Wichtig ist vor allem, worüber niemand zu sprechen scheint: nämlich den Anlass für Anpalagans Social-Media-Post, einen Retweet, der eine Aussage des Polizeigewerkschafters Manuel Ostermann aufgreift. Ostermann hatte sich darüber beschwert, dass er Bodo Ramelow, Ministerpräsident in Thüringen und Mitglied bei Die Linke, auf Twitter geblockt wurde. Ramelow sei „führender Genosse der SED-Nachfolgepartei“, und weiter: „Mit #DieLinke macht man keine gemeinsame Sache, niemals.” Anpalagan retweetet Ostermanns Post mit den Worten: „Vielleicht sollte ein Mitglied der Gestapo-Nachfolgeorganisation kleinere Brötchen backen“, in Anspielung auf Ostermanns Beruf als Polizist.
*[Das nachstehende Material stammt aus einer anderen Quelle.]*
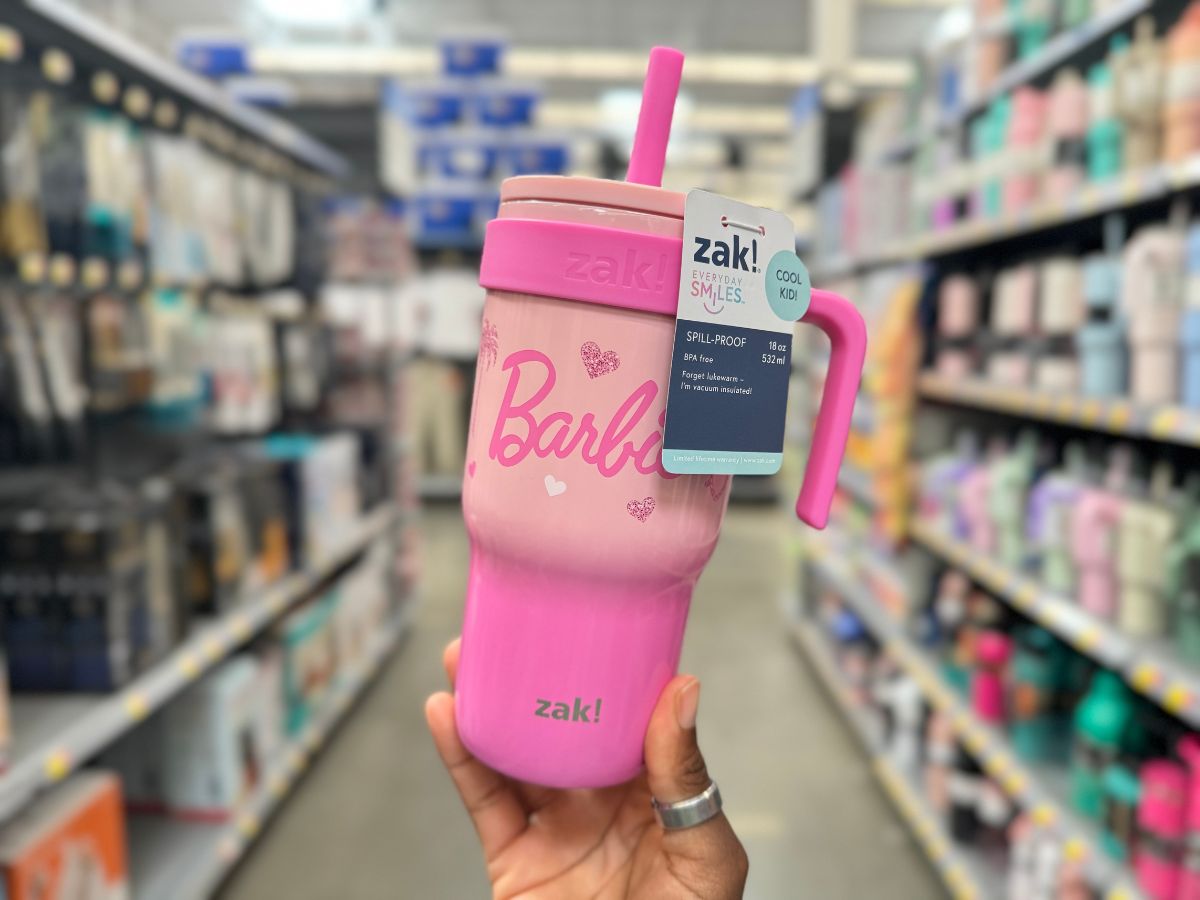 Zak Designs Barbie, Disney Princess, and Hello Kitty Tumblers Spotted at Walmart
Da der bereits seit neun Jahren amtierende Ramelow als respektabler Politiker und stabiler Demokrat gilt, wirkt eine vermeintlich historisch-lineare Verbindung der SED zur heutigen Partei Die Linke in Bezug auf Ramelow diskreditierend. In diesem Kontext muss Anpalagans Aussage gelesen werden. Denn er macht die Kontinuitäten zwischen den Polizeien des NS-Staats und jenen der BRD ähnlich überspitzt sichtbar, wie Ostermann sie unterkomplex zwischen der Partei Die Linke und der SED herstellt.
So, wie sich Die Linke von der SED herleitet und sich aus bloßer Mitgliedschaft ein Vorwurf konstruieren lässt, lässt sich das eben auch auf andere Organisationen anwenden – zum Beispiel auf die Polizei.
Klar ist: In beiden Fällen sind Kontinuitäten in unterschiedlicher rechtlicher, kultureller und gesellschaftlicher Ausprägung vorhanden. Die Linke ging aus der WASG und der PDS hervor, die formalrechtliche Nachfolgerin der SED war. Auf der anderen Seite rekrutierte sich zum Beispiel das Führungspersonal des BKA bis in die späten 50er Jahre hinein zu einem großen Teil aus ehemaligen Gestapo- und SS-Funktionären. Noch 1959 hatten zwei Drittel der Leitungsebene eine SS-Vergangenheit. Dabei wurden Organisationsstruktur, Arbeitsweise, ja selbst die Theorie der Verbrechensbekämpfung fast unverändert aus der NS-Zeit übernommen.